Mit dieser Tabelle kann aus der Drehzahl und der Steigung des Propellers die (theoretische) Vortriebsgeschwindigkeit abgelesen werden, die der Propeller erzeugt. Da viele Propellerangaben nicht der tatsächlichen Steigung des Propellers entsprechen, sind die Werte als annähernd zu betrachten. Ausserdem ist die Darstellung prinzipiell/physikalisch nicht ganz richtig. Trotzdem ergibt sich aber ein für die Praxis nützliches Ergebnis, und darum geht es.

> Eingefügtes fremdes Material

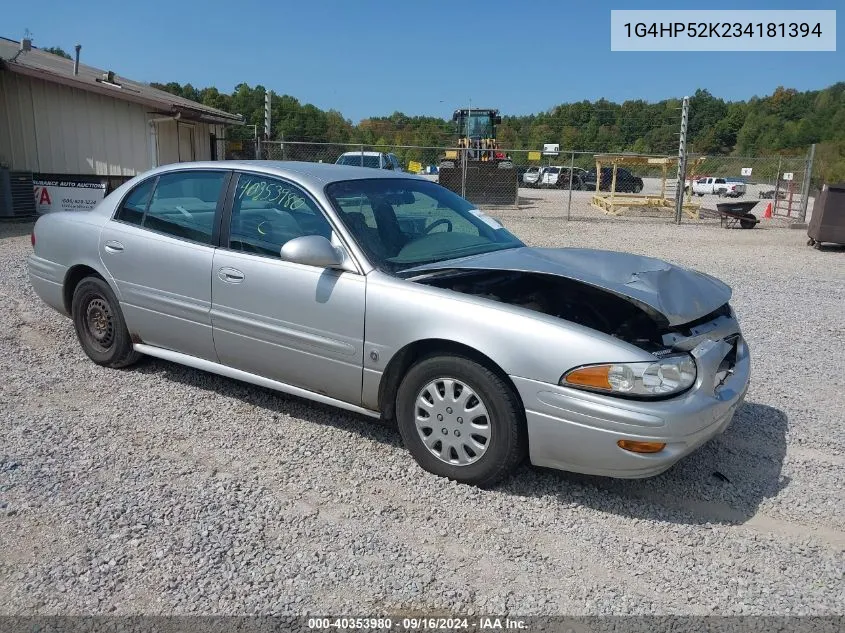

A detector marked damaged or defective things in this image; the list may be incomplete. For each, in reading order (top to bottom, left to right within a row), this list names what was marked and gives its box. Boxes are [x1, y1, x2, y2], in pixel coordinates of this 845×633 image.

crumpled hood [406, 247, 728, 326]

Über die erzielbare Vortriebsgeschwindigkeit kann beurteilt werden, ob der Propeller die nötige Wirkung entwickelt, das Modell nach oben zu ziehen. Dabei gilt bei Dirketantrieb, daß die Vortriebsgeschwindigkeit mind. doppelt so hoch sein soll wie die Fluggeschwindigkeit. Bei Getriebeantrieben sollte die Vortriebsgeschwindigkeit mind. 50% höher sein als die Fluggeschwindigkeit des Modells (Vortriebsüberschuß). Diese Angaben können noch variieren durch das Flügelprofil. Ein dünnes, schnelles oder vollsysmmetrisches Profil benötigt einen höheren Vortriebsüberschuß als ein dickes, langsames oder stark tragendes Profil. Auch der Rumpfquerschnitt (Widerstand) hat einen Einfluß auf das Praxisergebnis. Ein dicker Rumpf "frißt" sehr viel Standschub und Vortriebsgeschwindigkeit, daher müssen in diesem Fall beide Werte höher angesetzt werden um zu vernünftigen Ergebnissen zu kommen.

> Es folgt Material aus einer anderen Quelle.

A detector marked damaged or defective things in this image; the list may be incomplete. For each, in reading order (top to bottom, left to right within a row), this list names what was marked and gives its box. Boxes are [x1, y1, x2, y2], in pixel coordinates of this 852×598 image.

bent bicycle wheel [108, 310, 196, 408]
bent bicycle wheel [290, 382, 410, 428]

Es ist aus dem reinen Standschub nicht auszurechnen, ob das Modell mit einem best. Propeller auch genügend Vortrieb hat, denn wenn bei einem Fluggewicht von 3 kg der Standschub 3Kg beträgt, die minimal notwendige Fluggeschwindigkeit ca. 30km/h, die Vortriebsgeschwindigkeit aber nur 25km/h ist, dann erzeugt der Propeller im Flug keinen Schub mehr, er bremst sogar ab. Standschub und Vortriebsgeschwindigkeit müssen also zum Modell passen.

Ein leichtes Modell mit stark tragendem Profil benötigt relativ wenig Standschub und Vortriebsüberschuß, ein relativ schweres Modell mit wenig tragendem oder vollsymmetrischem Profil benötigt relativ mehr Standschub (und auch hohen Vortriebsüberschuß).